3. Oktober 2015

Lehrerverbände fordern Vorbereitungen auf Flüchtlinge

Angesichts der Flüchtlingsströme in Europa müssen sich die Kantone darauf einstellen, dass die Zahl der Asylsuchenden auch in der Schweiz deutlich ansteigt. Weil darunter auch viele Kinder und Jugendliche im schulpflichtigen Alter sein dürften, sei auch die Schule von dieser Entwicklung stark betroffen, schreibt der Berner Lehrerverband in einer Mitteilung von Ende September.






Unter den Asylsuchenden sind auch viele schulpflichtige Kinder, Bild: EPA
Flüchtlingswelle stellt Lehrer vor Herausforderungen, Berner Zeitung, 3.10. von Philipp Hufschmid

Für den Verband ist klar, dass es nicht Sache der Schule sein könne, die notwendigen Vorbereitungen zu treffen. Er stellt deshalb eine Reihe von Forderungen. So sei etwa flächendeckender Deutschunterricht nötig, bevor die Flüchtlingskinder in Regelklassen integriert werden könnten. Die Schule brauche aber auch Unterstützung von Fachpersonen, die sich um die Sozialisierung der Kinder und Jugendlichen kümmerten.
Flüchtlingskinder seien teilweise noch nie zur Schule gegangen, hätten traumatische Erlebnisse hinter sich und würden die Kultur und die geltenden Regeln nicht kennen. Der Berner Lehrerverband warnt davor, dass gerade junge Lehrpersonen von der Situation überfordert werden könnten.
Dachverband zieht nach
Beat W.Zemp, Präsident des Lehrerdachverbands LCH, unterstützt die Position des Berner Lehrerverbands vorbehaltlos. Der LCH sei daran, zusammen mit der Westschweizer Lehrergewerkschaft SER eine gesamtschweizerische Position zu den Flüchtlingskindern zu erarbeiten.
Dabei orientiere man sich an der Stellungnahme aus den 90er-Jahren, in der sich die Erziehungsdirektorenkonferenz zur Einschulung aller Flüchtlingskinder aus dem Balkan bekannten. Das Problem mit den gegenwärtigen Migrationsströmen sei aber, dass vermehrt unbegleitete Teenager darunter seien, warnt Zemp. Diese seien viel schwieriger einzuschulen als Kinder, die mit ihren Familienangehörigen geflüchtet seien. Möglicherweise brauche es dafür separate Schulen.
Die Erziehungsdirektion des Kantons Bern hat bisher kaum Vorkehrungen getroffen für den Fall, dass die Zahl der schulpflichtigen Flüchtlingskinder deutlich zunehme. Die Erziehungsdirektion stelle bei Bedarf zusätzliche Lektionen für die Förderung der Sprache und der Integration zu Verfügung, erklärt Johannes Kipfer vom Amt für Kindergarten, Volksschule und Beratung.
Für die Einschulung von Flüchtlingskindern, das Lehrpersonal und die Infrastruktur seien die Gemeinden zuständig. Deutschunterricht als erste Integrationsmassnahme vor der Eingliederung von Flüchtlingskindern in Regelklassen sei bereits seit 4 bis 5 Jahren gängige Praxis, behauptet Kipfer. Je nach Anzahl Kinder werde Deutsch in separaten Intensivkursen oder zusätzlich zum Regelunterricht gelehrt.
Kanton Zürich wartet ab
«Die aktuelle Situation ist schwierig, aber nicht dramatisch», sagt Martin Wendelspiess, Chef des Zürcher Volksschulamts. Sollte die Zahl der Flüchtlingskinder im Kanton Zürich steigen, würden für sie weitere sogenannte Aufnahmeklassen in den kantonalen Durchgangszentren eingerichtet.

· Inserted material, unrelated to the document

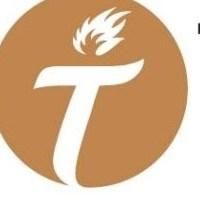 Talawa Announces TALAWA FIRSTS Season, June 2013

Dort erhielten sie Deutschunterricht und könnten sich in die schweizerische Schulwelt einleben. Zur Betreuung von «Kindern mit besonderen Bedürfnissen» können laut Wendelspiess bereits in den Durchgangszentren heilpädagogische Fachpersonen oder interkulturelle Dolmetscher beigezogen werden.